> [What you need to do]:
Begin at the line containing "Working Lysozyme C Antibody" in the records below, end at the line containing "Cachorro raça Labrador/Viralata", and retype each line in that span exactly. No other line and no image should appear.
=== Section Start ===
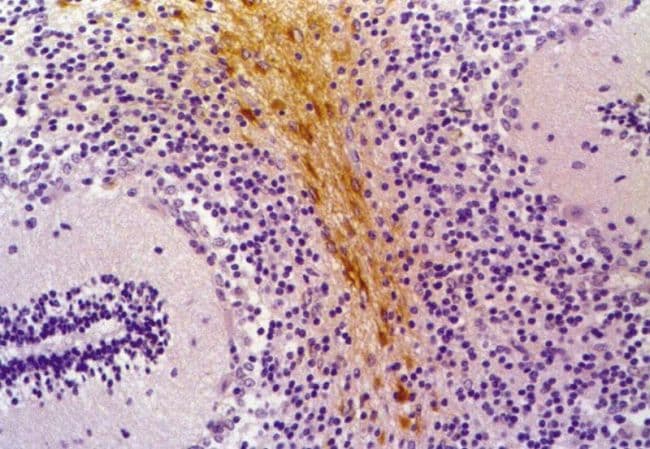 Monoclonal Mouse anti-Cat GFAP Antibody (clone GF-01, IHC, WB)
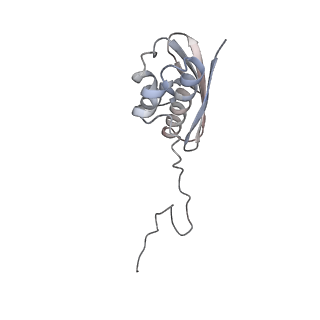 21468_6vyq_O_v1-2
Escherichia coli transcription-translation complex A1 (TTC-A1) containing an 15 nt long mRNA spacer, NusG, and fMet-tRNAs at E-site and P-site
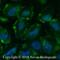 Calcium Sensing Receptor antibody, NB100-1830, Novus Biologicals, Immunofluorescence image 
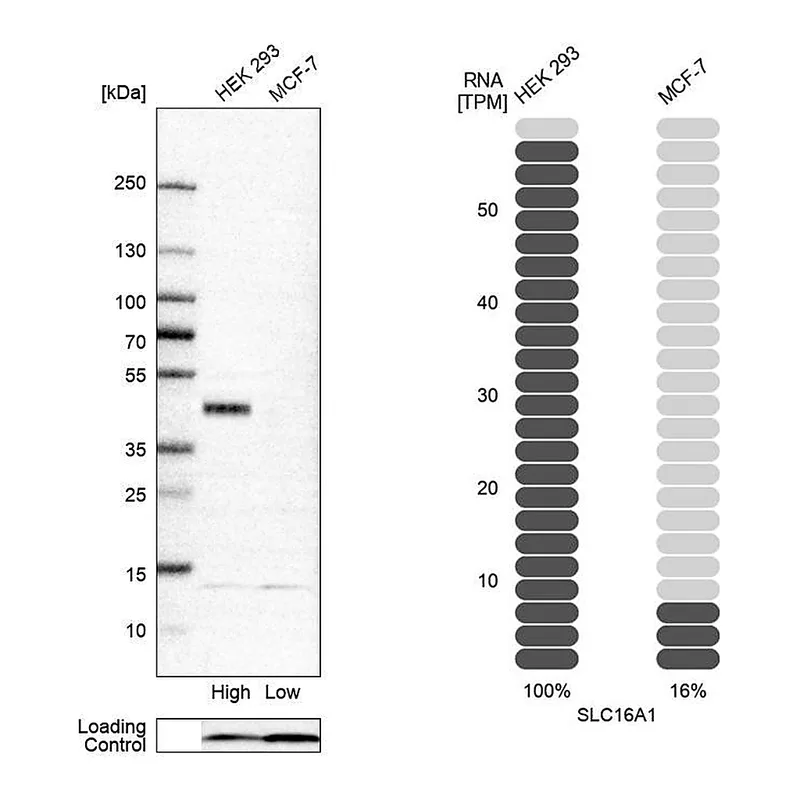 Atlas Antibodies Anti-SLC16A1 Antibody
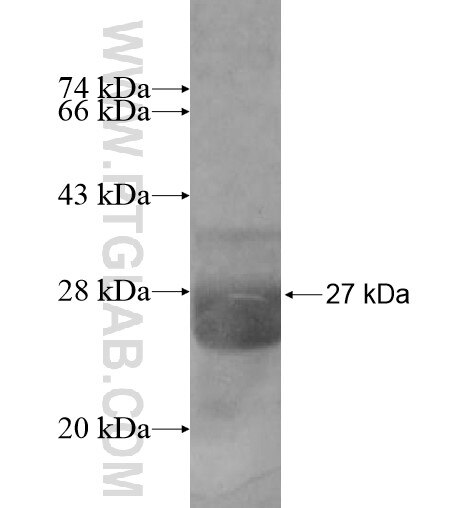 RGS8 fusion protein Ag12785 SDS-PAGE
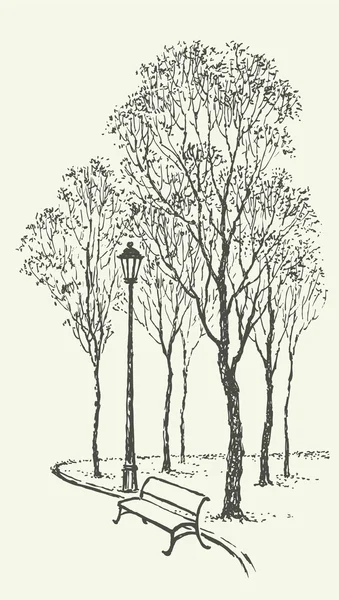 Paisaje vectorial. Banco del parque cerca de la linterna bajo los árboles — Archivo Imágenes Vectoriales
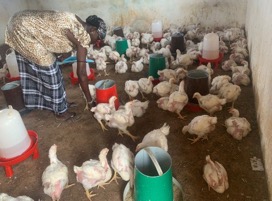 Access to income, protein in rural Gambia grows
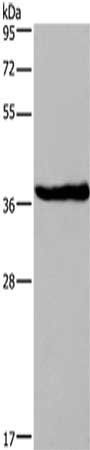 DUSP1 Antibody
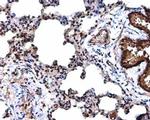 Cyclin D3 Antibody in Immunohistochemistry (Paraffin) (IHC (P))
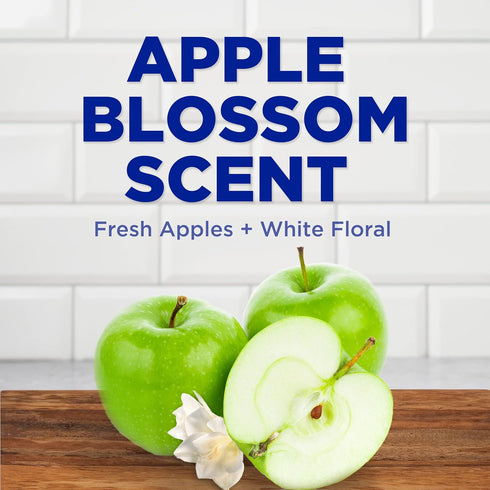 Scent,19.4 Oz, Pack 4 2 Dawn Dish Soap, Antibacterial Hand Soap, Dishwashing Liquid, Apple Blossom Of + Sponges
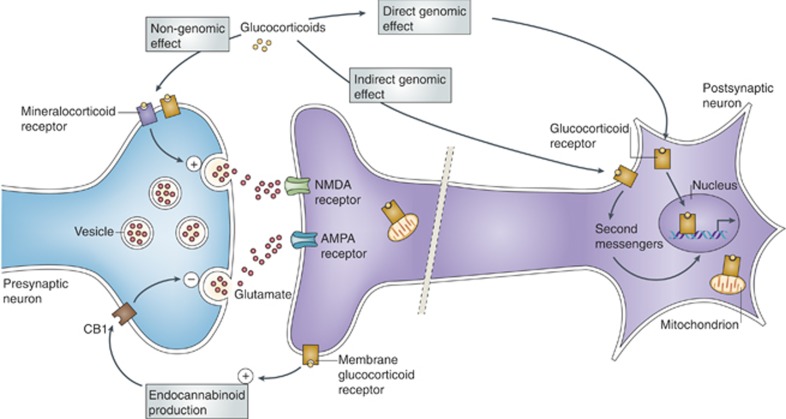 Diagram of glucocorticoid and mineralocorticoid receptor mechanisms showing genomic and non-genomic signaling pathways relevant to mood stabilizer actions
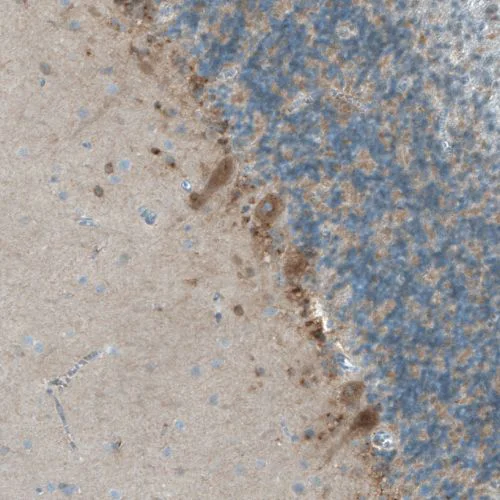 Immunohistochemistry (Formalin/PFA-fixed paraffin-embedded sections) - Anti-Neuroligin 3 antibody (AB244265)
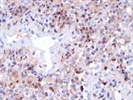 Working Lysozyme C Antibody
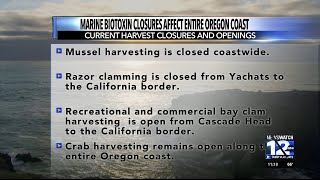 Marine biotoxin closures affect entire Oregon coast [upl. by Akem342]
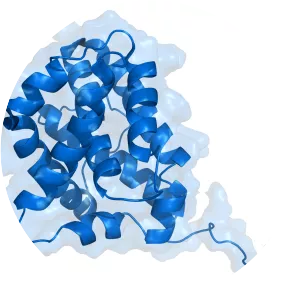 Bcl-2-associated X protein - 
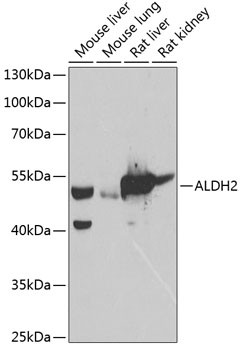 ALDH2 Antibody in Western Blot (WB)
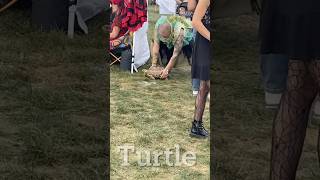 This Year’s Fairy Festival viralvideo funny fairy festival mystical gnomes turtle music [upl. by Lagas]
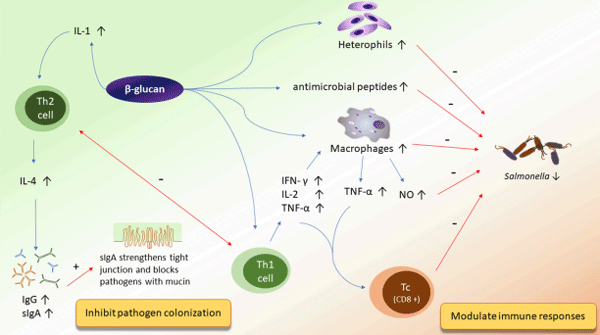 FIGURE 3 | The potential mechanisms of action of β-glucan on improving immunity and inhibiting pathogen colonization.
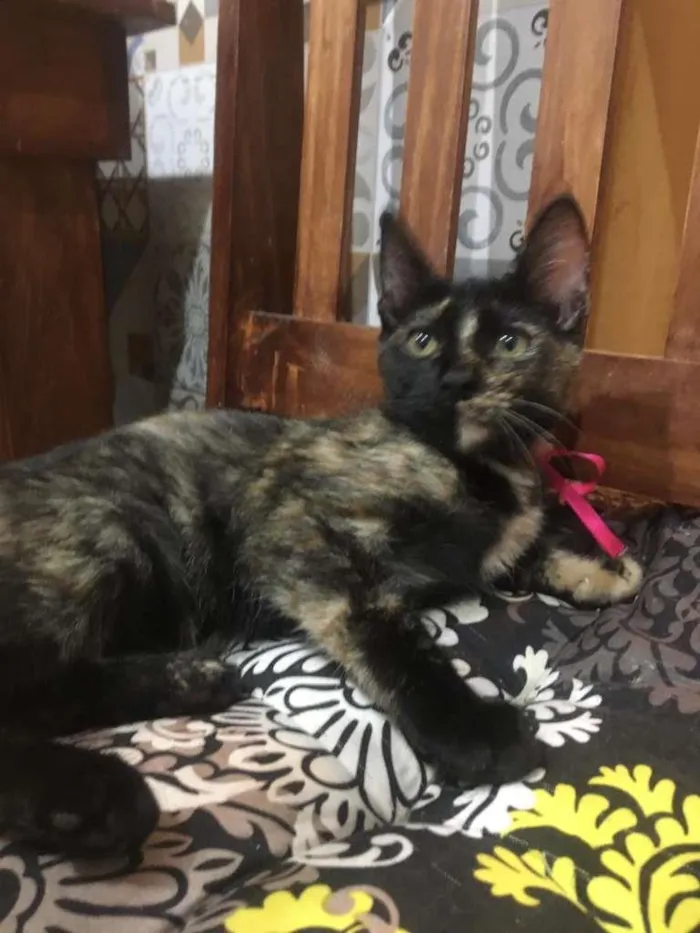 Gato ra a SRD-ViraLata idade 2 a 6 meses nome PÉROLA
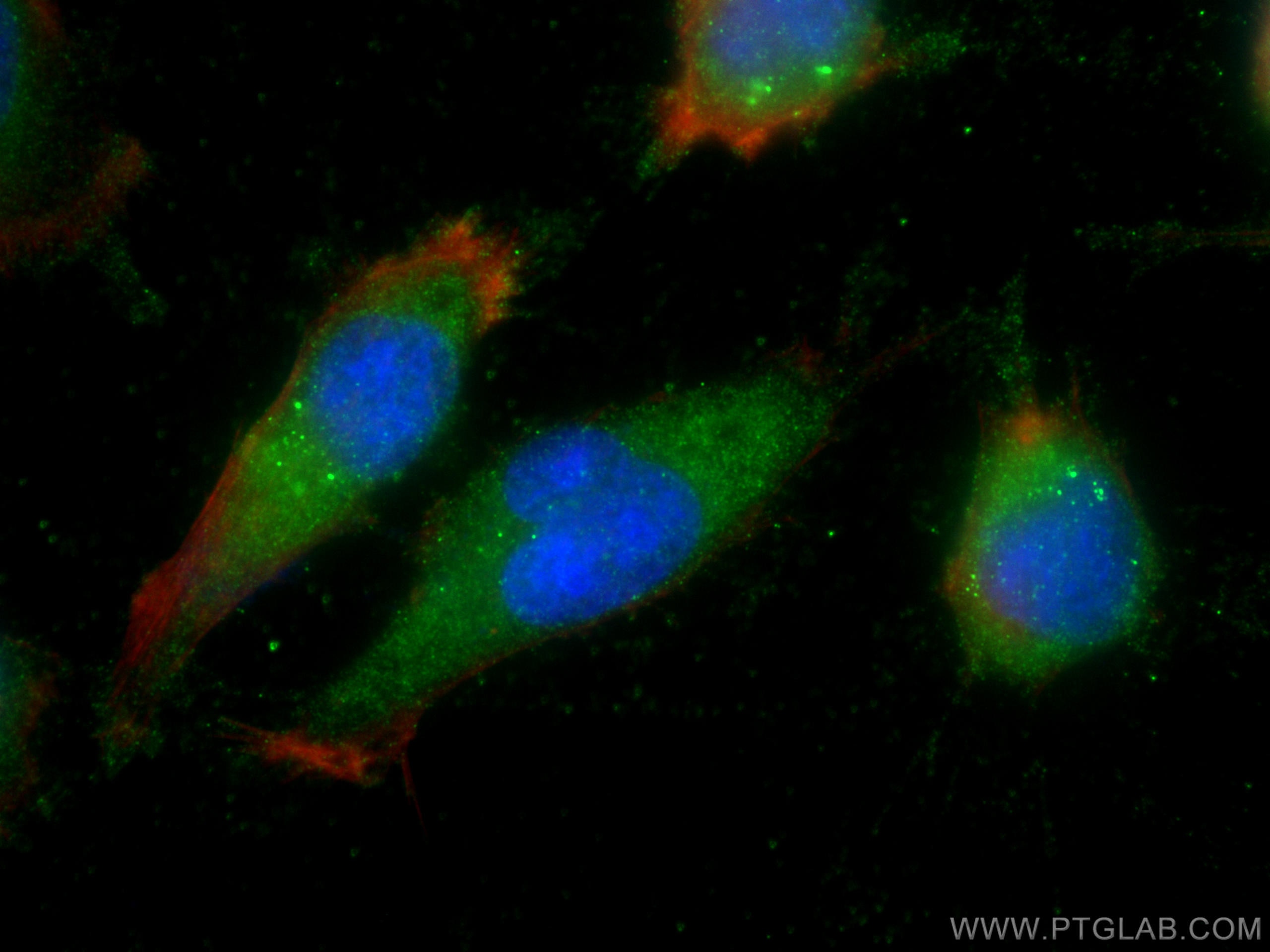 Immunofluorescence (IF) / fluorescent staining of U-251 cells using LANCL1 Monoclonal antibody (68160-1-Ig)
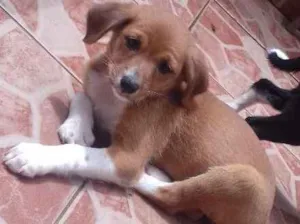 Cachorro raça Labrador/Viralata idade Abaixo de 2 meses nome Nâo tem 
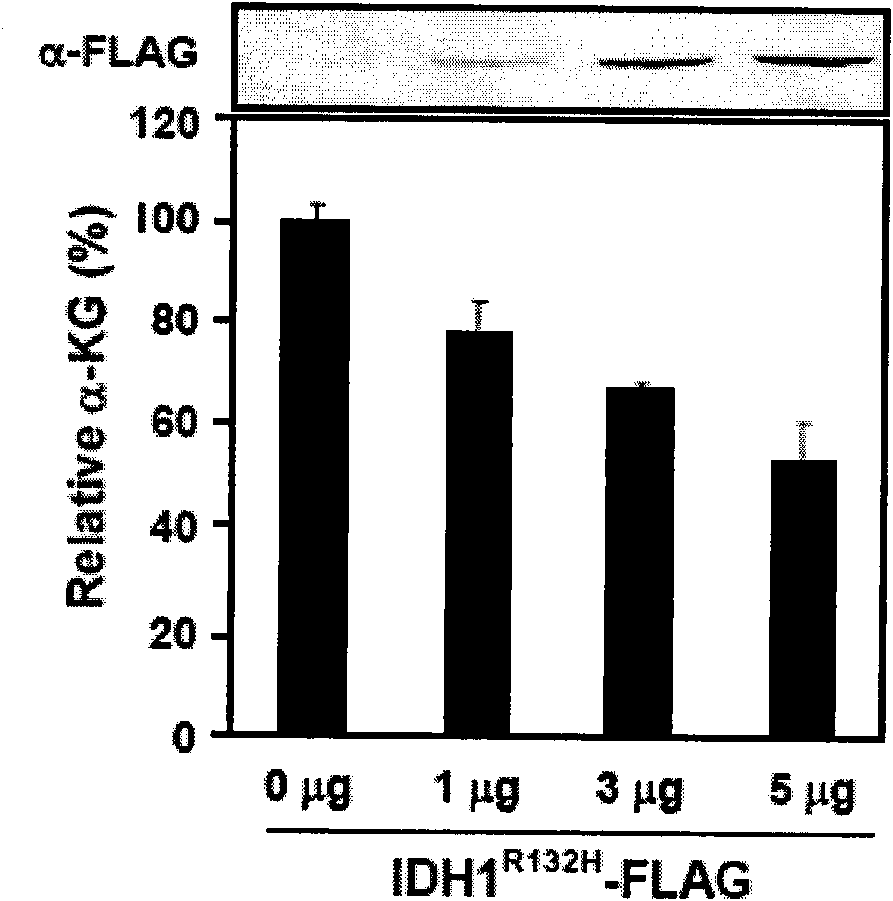 Anti-tumor medicament based on alpha ketoglutaric acid and derivatives thereof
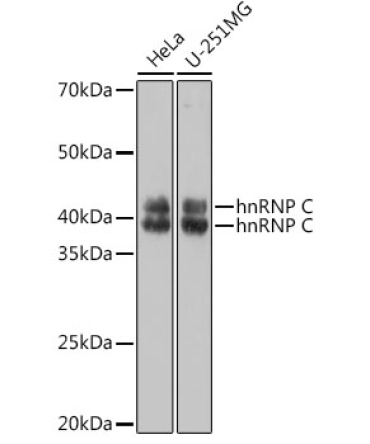 hnRNP C Rabbit Polyclonal Antibody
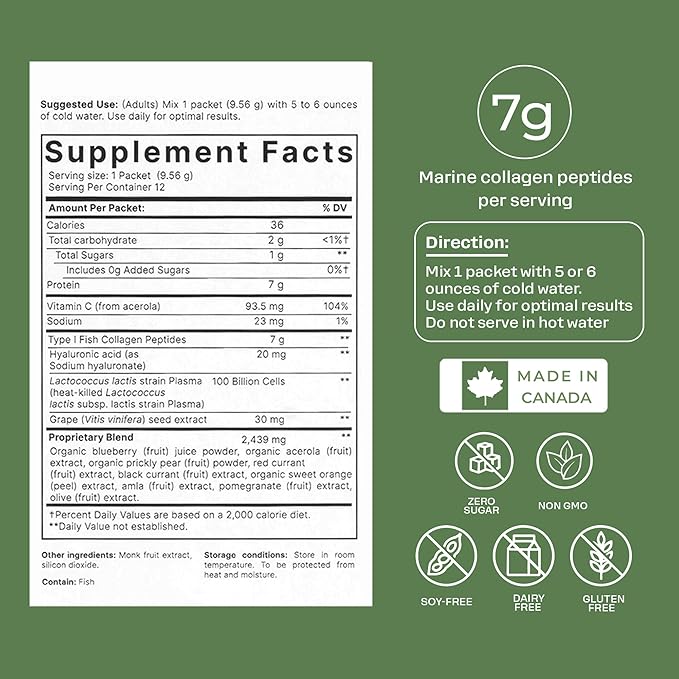 Renéra - Collagen Phyto Powder with Marine Collagen Peptides &amp Postbiotic Clinically Studied Ingredients for Healthy Skin Hair Nails and Immunity Healthy Aging Support* - 12 Packets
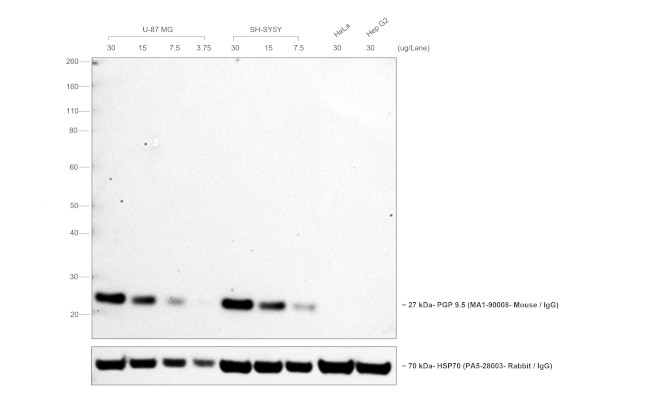 Mouse IgG (H+L) Secondary Antibody in Western Blot (WB)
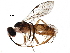  (crypMalaise01 Malaise6475 - BIOUG23036-C06)  @14 [ ] CreativeCommons - Attribution (2016) CBG Photography Group Centre for Biodiversity Genomics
=== Section End ===
> [Exercise answer]:
 Working Lysozyme C Antibody
 Marine biotoxin closures affect entire Oregon coast [upl. by Akem342]
 Bcl-2-associated X protein - 
 ALDH2 Antibody in Western Blot (WB)
 This Year’s Fairy Festival viralvideo funny fairy festival mystical gnomes turtle music [upl. by Lagas]
 FIGURE 3 | The potential mechanisms of action of β-glucan on improving immunity and inhibiting pathogen colonization.
 Gato ra a SRD-ViraLata idade 2 a 6 meses nome PÉROLA
 Immunofluorescence (IF) / fluorescent staining of U-251 cells using LANCL1 Monoclonal antibody (68160-1-Ig)
 Cachorro raça Labrador/Viralata idade Abaixo de 2 meses nome Nâo tem 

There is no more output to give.